Luna also remains in contact with a number of his former fellow-Conservatory composition students. “The class I was part of is doing really well for itself,” he says, beaming:
Josh Fishbein just won the BMI Student Composer Award. Bobby Chastain is finishing his doctorate at the University of Oregon, and has won all kinds of awards up there. Mark Ackerley just designed a scheme to take someone’s DNA and make a unique melody out of it, and he pitched that to the company he works for down the Peninsula. All these unique and innovative approaches to music-making as a career are coming out of my class. And there are so many more avenues to write music — and have people actually hear it — available now than there were even five years ago, with the advent of YouTube as well as other multimedia that need music.

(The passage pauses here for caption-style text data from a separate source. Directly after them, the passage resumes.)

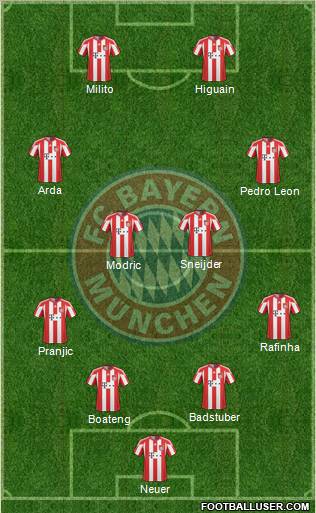 FC Bayern München Formation 2011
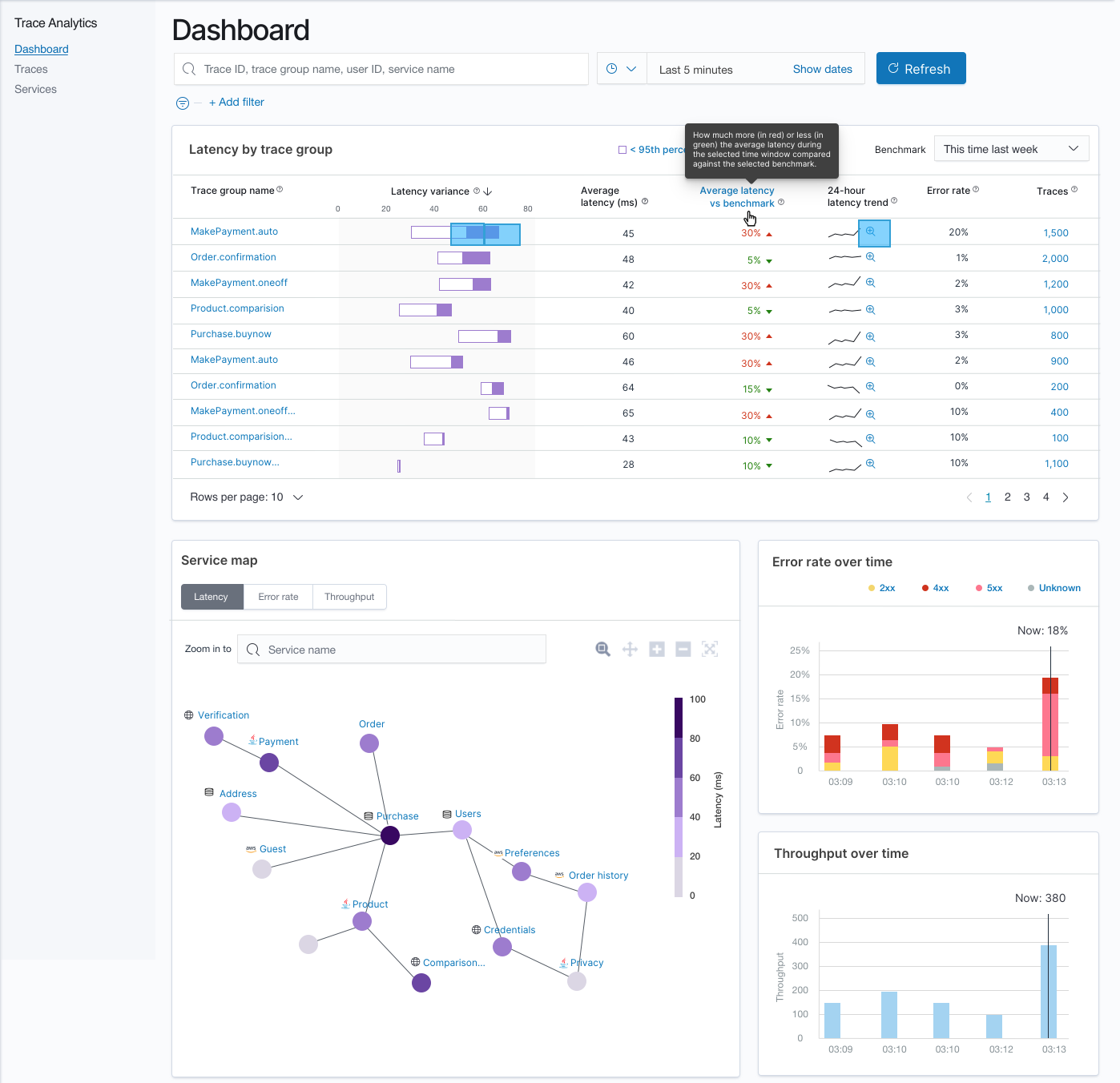 Dashboard View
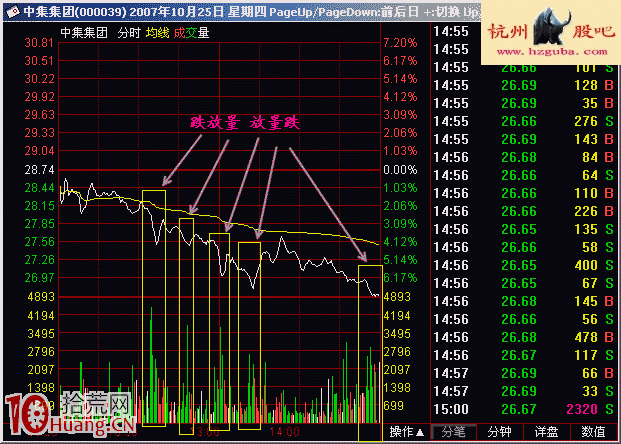 實戰圖解怎麼看“跌放量，放量跌”,拾荒網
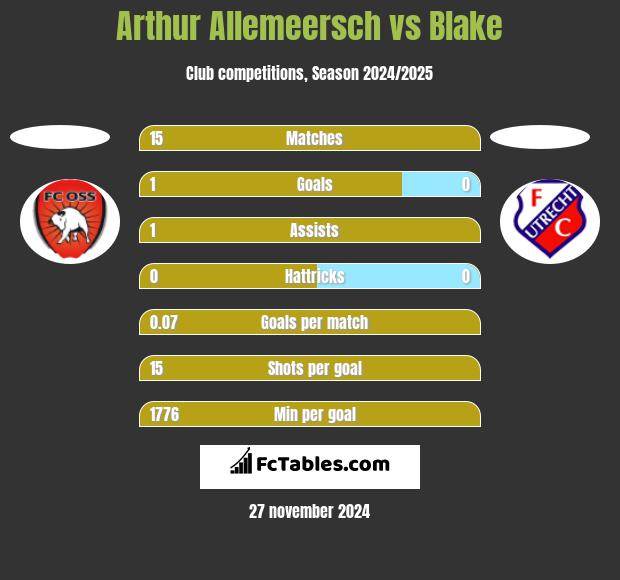 Arthur Allemeersch vs Blake h2h player stats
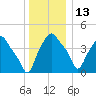 Albany tide chart for Monday, December 13, 2021
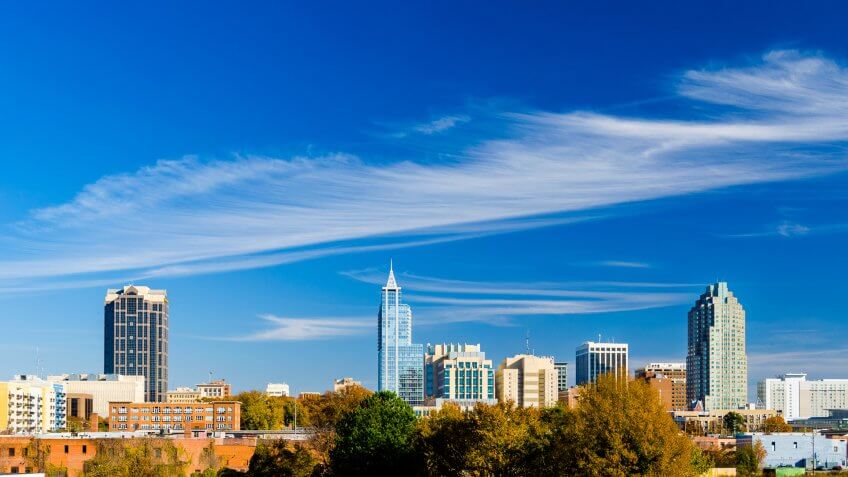 Downtown Raleigh Skyline
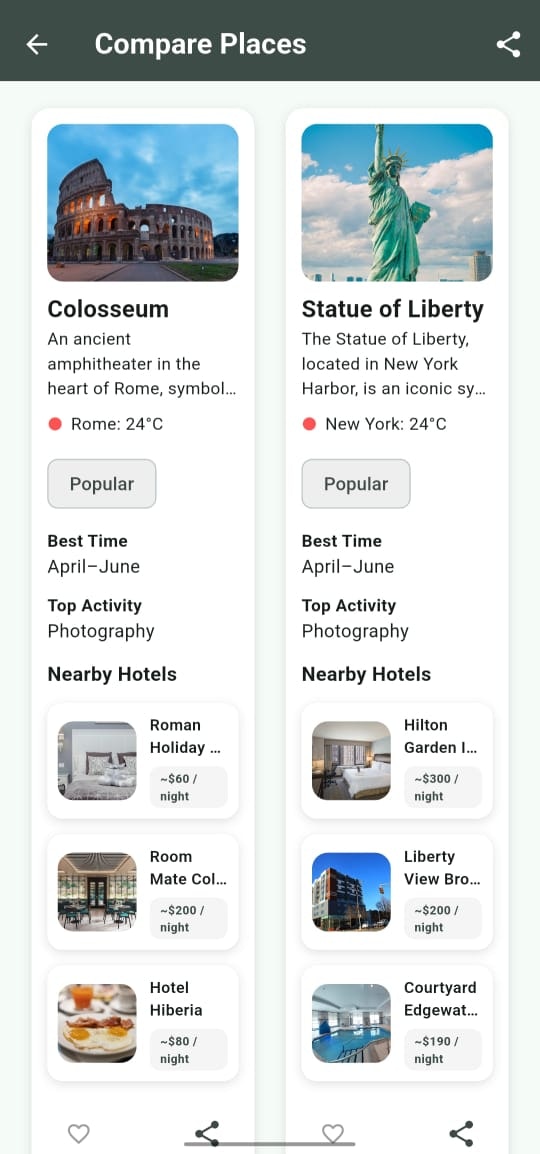 Viewvers gallery image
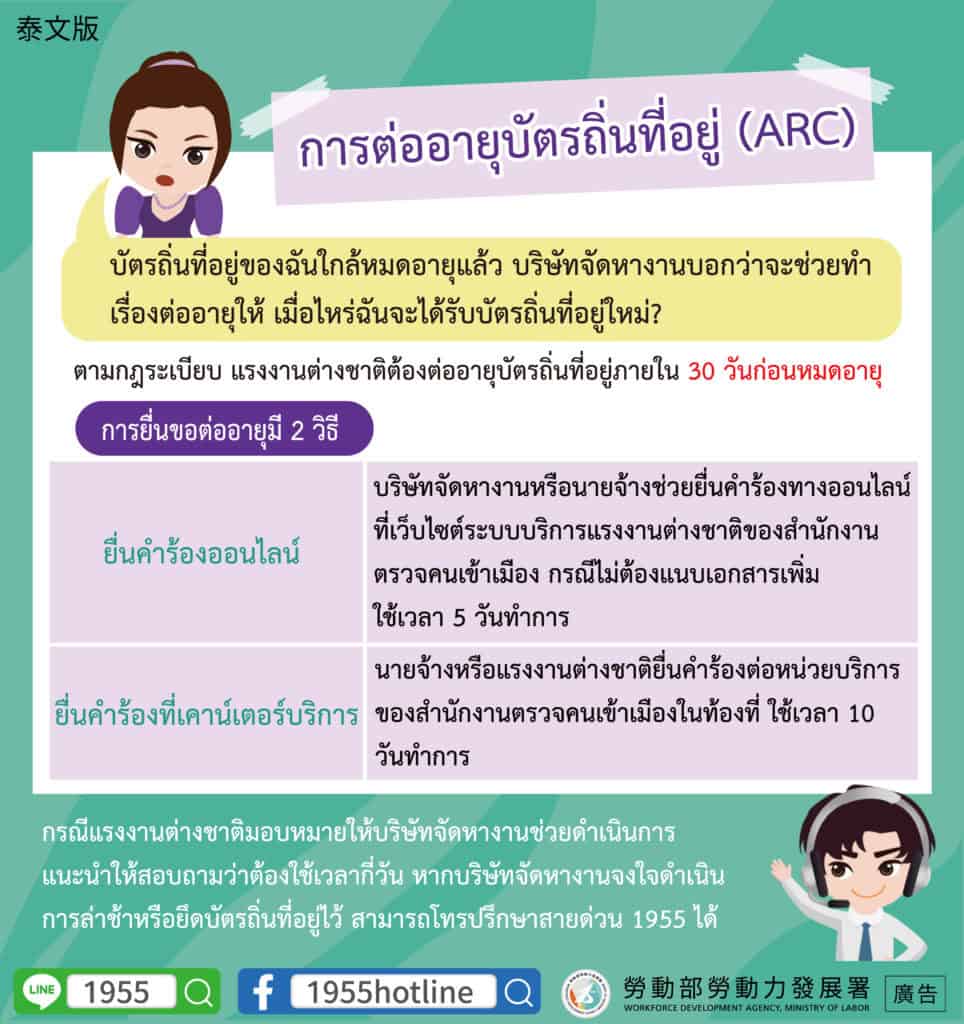 移工宣導｜居留證展延申辦時程-多國語示意圖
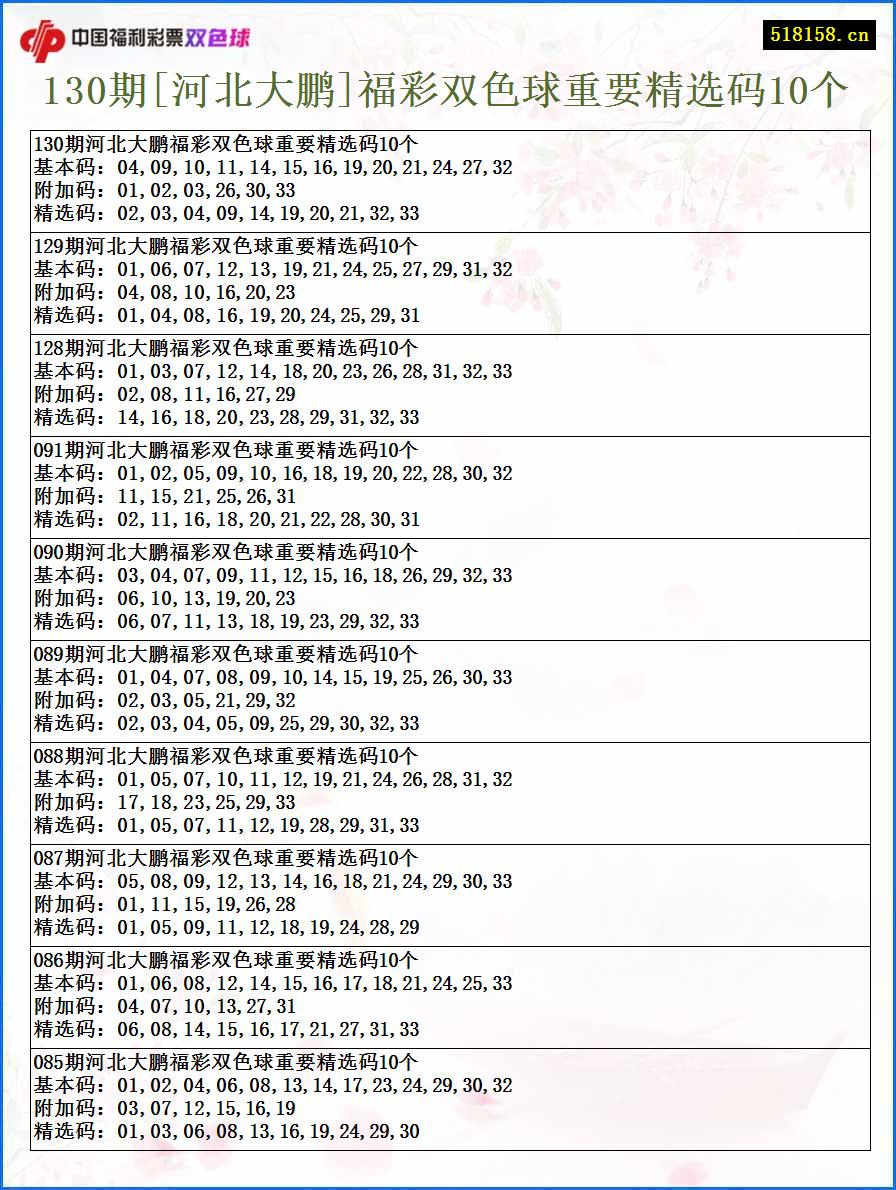 130期[河北大鹏]福彩双色球重要精选码10个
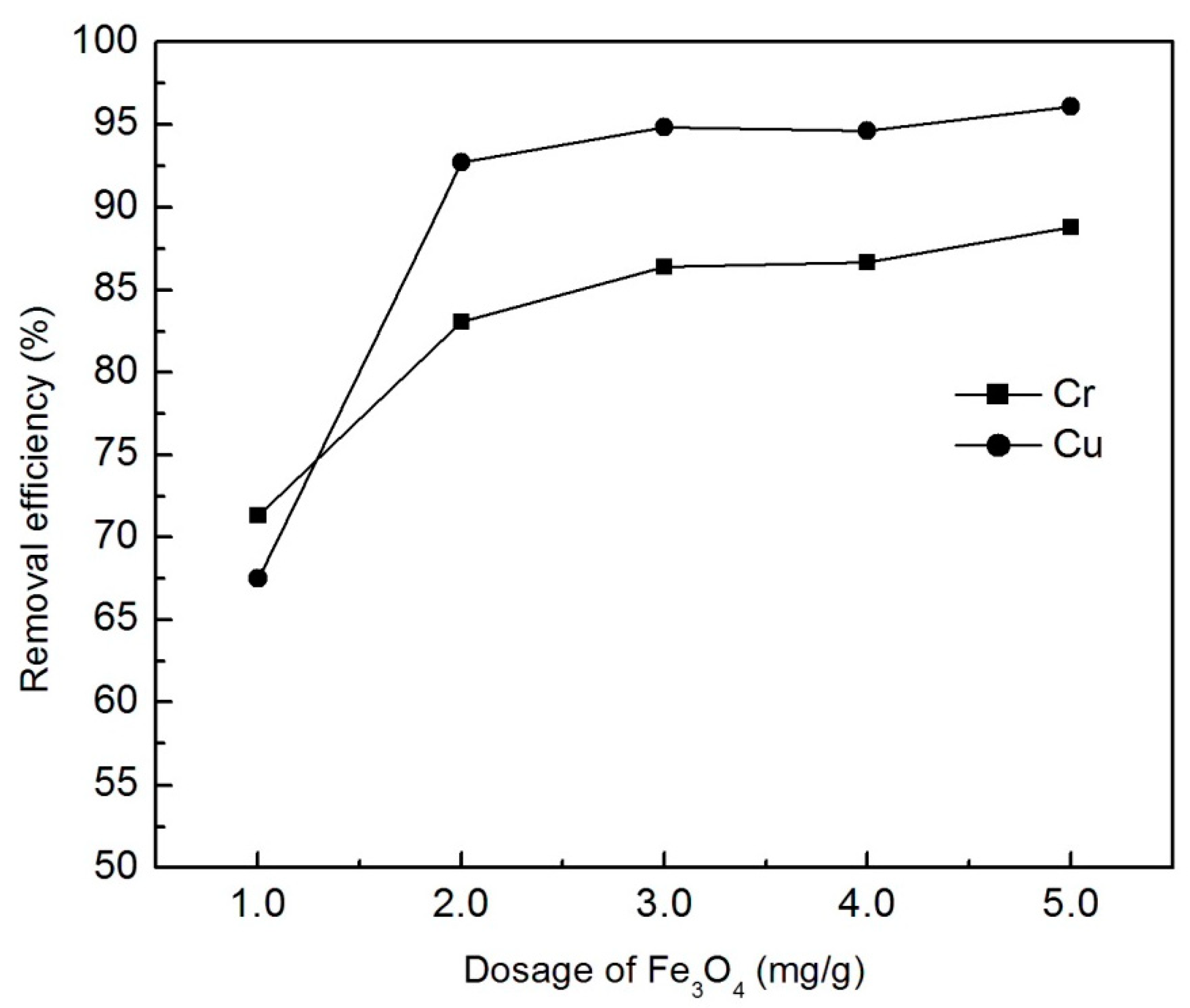 Water 12 00446 g006 550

Luna is optimistic about the support for composers in the classical establishment, including showcases like the Cabrillo Festival, which he calls “a great platform to launch composers,” and the New World Symphony. “MTT [Michael Tilson Thomas, conductor of the latter orchestra, in Miami] is such a champion of new music,” says Luna.
“There’s an audience out there, no matter how much people like to talk about how classical music is dying and concert halls are going out of business.”
Alex Orfaly got in touch with us because he’s done a couple of premieres with them. It’s a great way not only for young musicians to get their legs, playing in an orchestra, but also for young composers to be able to work with the same musicians who are soon going to be entering top-flight orchestras and will need connections with young composers. Other conductors I think of are Esa-Pekka Salonen and Gustavo Dudamel [the previous and current music directors of the Los Angeles Philharmonic]. They’re people who are always commissioning new works, working with young composers, and encouraging young conductors like Benny Schwartz [of S.F. Chamber Orchestra, and others].
And the new media, besides facilitating communication, have provided composers with an exciting virtual venue. “Mason Bates has a relationship with MTT, and MTT has been working with the YouTube Symphony. I talk with Mason, he sends stuff electronically to me, we prepare music scores, we send them to Sydney [Australia] for conducting and performance, and I get to watch the performance [on YouTube] in my pajamas, while my daughter is sleeping.
“There’s an audience out there,” Luna assures me, “no matter how much people like to talk about how classical music is dying and concert halls are going out of business. So if Mason Bates is heard of by some kid who only goes on YouTube to watch funny cat videos and Dubstep remixes, I feel like there’s hope.”